The album cover features artwork by Dan Sweetman, originally published in the story, "A Cotton Candy Autopsy" in the DC Comics/Piranha Press imprint title Beautiful Stories for Ugly Children.

The album mixes a variety of musical styles, including ska, circus music, heavy metal, free jazz, and funk. AllMusic called it a "dizzying, disconcerting, schizophrenic tour through just about any rock style the group can think of, hopping from genre to genre without any apparent rhyme or reason, and sometimes doing so several times in the same song." The website described Mike Patton's lyrics as "even more bizarrely humorous than those he used in Faith No More", and "also less self-censored". At the time, the band's label Warner promoted the record as being Mike Patton's "seriously weird new project".

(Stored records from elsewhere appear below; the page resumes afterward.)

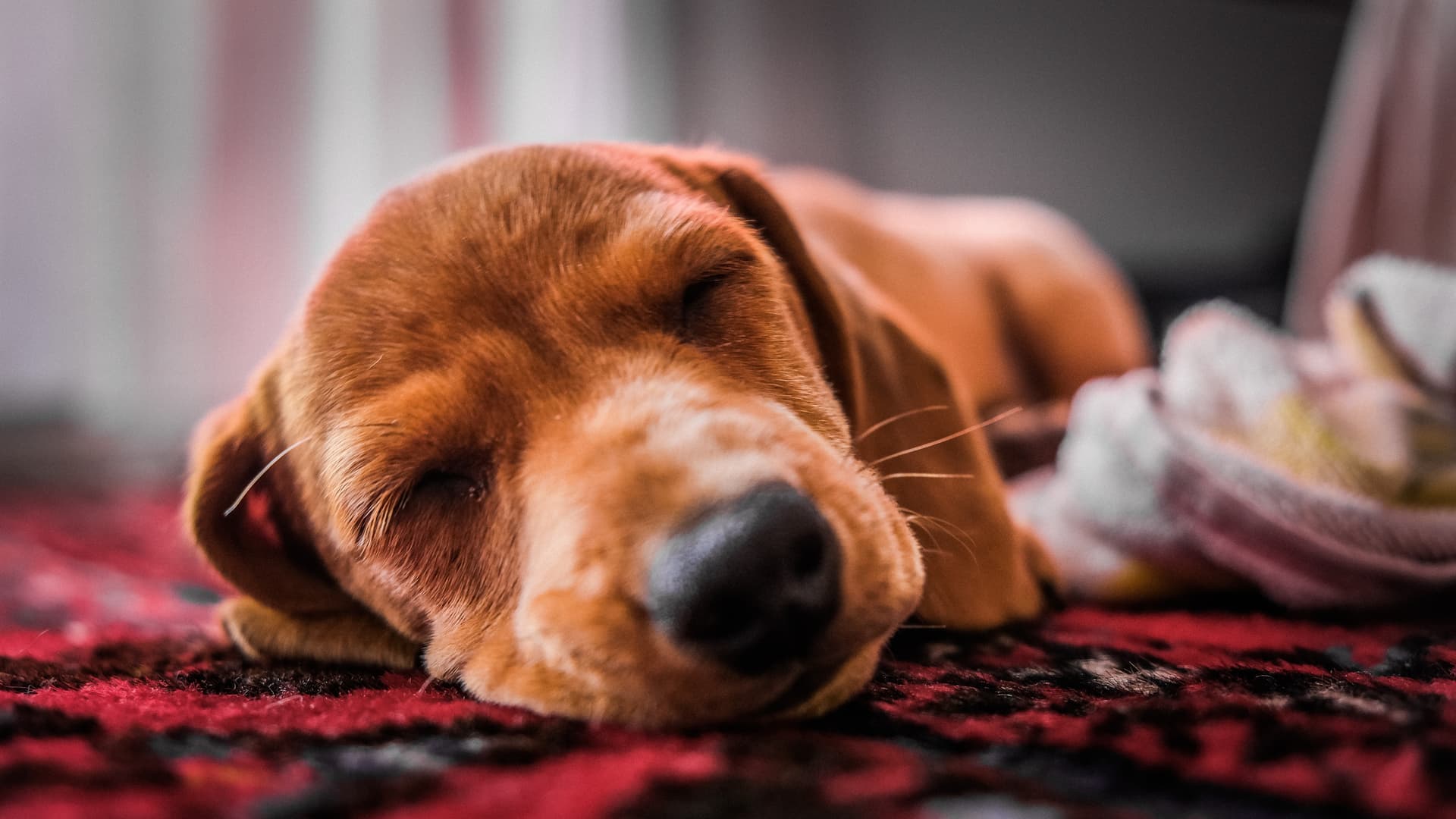 Pet moments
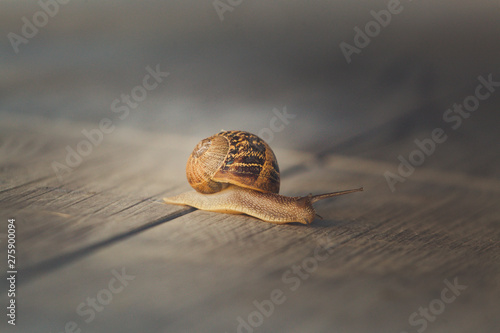 Snail on a walk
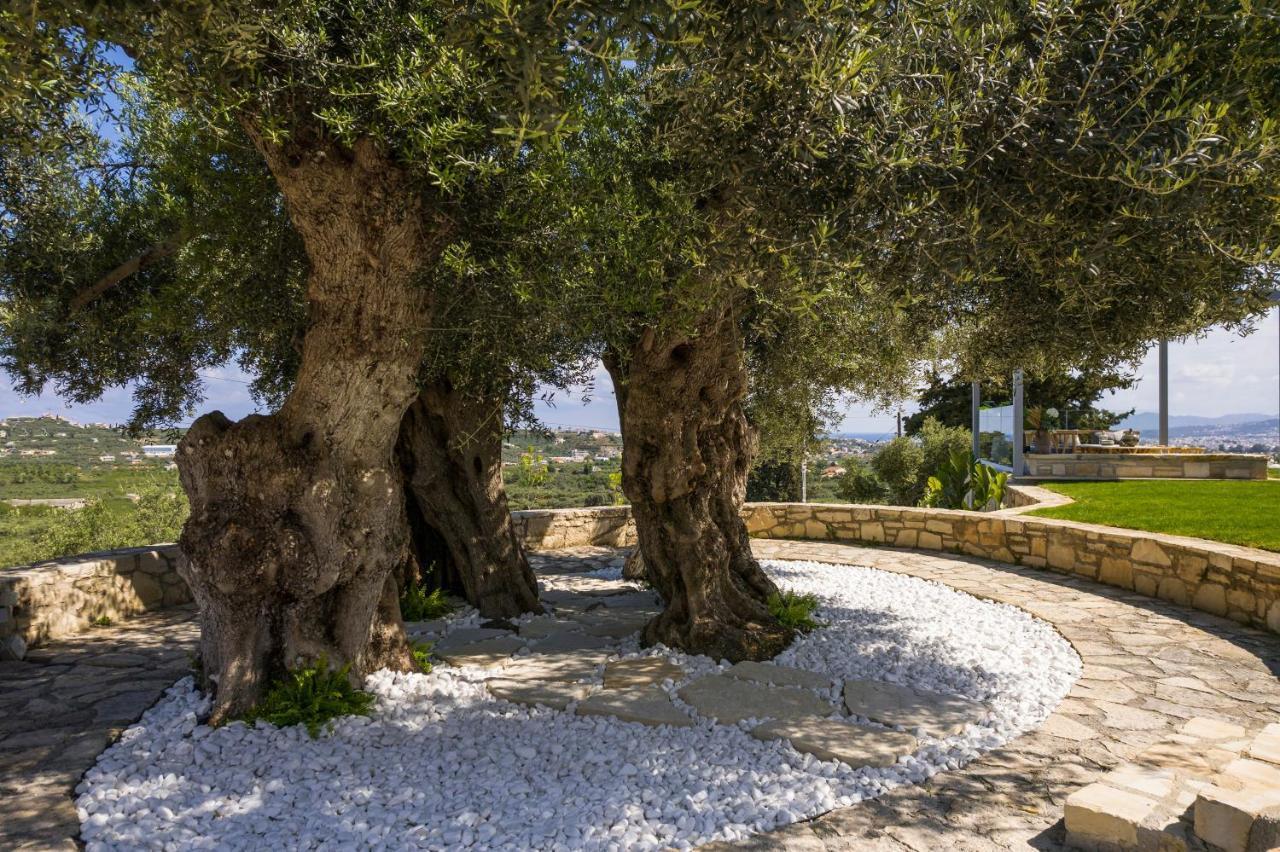 Olivenest Chania Executive Villa Perivólia Екстериор снимка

The lyrics in the album are broad in themes, ranging from more comedic tones to dark and sexual references. "Slowly Growing Deaf" was "inspired by the ironic need to wear earplugs while listening to music and also people’s inability to listen", according to bassist Trevor Dunn, and also marked as the first song in the "Sleep" trilogy, with parts two and three being featured on the band’s second album. "Squeeze Me Macaroni" is a song featuring strong sexual themes being illustrated through food metaphors. "Egg" is about asociality. "Stubb (A Dub)" is about Trey Spruance's dog, Stubb. "The Girls of Porn" is about pornography and masturbation. "Love is a Fist" is about domestic violence. "Dead Goon" is about an asphixiophile, whose actions leads to the narrator’s death due to asphixiation.

Quotes from David Lynch's 1986 film Blue Velvet are strewn throughout the album.

Critical reception and legacy 

The album received mixed reviews upon release. Entertainment Weekly gave the album a negative review, writing "Adjectives like 'puerile' and 'unlistenable' take on entirely new dimensions when applied to Mr. Bungle". Trouser Press called it "one of the most ambitiously random, fractious records in recent memory" and "one of the finest records of its kind".

In 2015, Korn guitarist James "Munky" Shaffer praised the album, stating "I loved their last album, California, but their self-titled debut had the biggest impact on me. There’s a song on there called "Love Is a Fist" that's fucking crushing. That set the tone for us and what we went on to do creatively. They were completely outside the box and just didn't care – they satisfied only themselves. It wasn't about record sales, it was just about creating a band."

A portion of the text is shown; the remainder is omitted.